I need one index/application because each application is totally different from each other .
and second thing is it is easy to manage the index . If every data would go to one index it would be hard to manage .. isn't ?

That would be good Idea..
but I am very sure how it will effect the kibana's performance or other search queries .Because now for a application we have 60 index(1 shard/index) , so any query will going to hit 60 indices for getting the data .
Will it impact the performance of kibana ?

Use weekly indices then maybe.

Also LS will mostly use CPU, so make sure you have that on the node.

Will 4GB RAM would be sufficient to run 20-30 conf file at a time ?

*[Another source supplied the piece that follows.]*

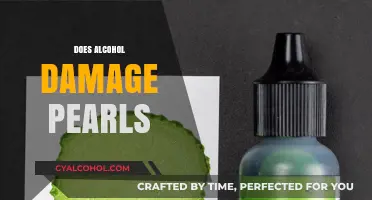 Alcohol and Pearls: Unveiling the Truth About Potential Damage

The number of configuration files is irrelevant in itself. The memory footprint of Logstash should be largely constant unless you're using plugins with "memory", like multiline, aggregate, and the like, i.e. plugins that save some kind of state between events. And even then you'll only need significant amounts of memory if it needs to store significant amounts of information, e.g. track thousands of multiline streams.

and second thing is it is easy to manage the index . If every data would go to one index it would be hard to manage .. isn't ?

Why? I can only see two reasons for having multiple index series:

  • You have a multi-tenant environment and need to segregate the data for access control purposes.
  • ES's restriction of mapping a particular fields in the same way across all types in the index isn't acceptable.

Servers to run Logstash :- 2 (RAM:- 64 GB , storage : 100gb)

Are you going to have a load balancer in front of the machines, will you use round robin DNS, or will you configure log clients to connect to either server?

It's not clear if 100 GB is for the whole machine (operating system and all), but you know that Logstash is very lean on disk, right?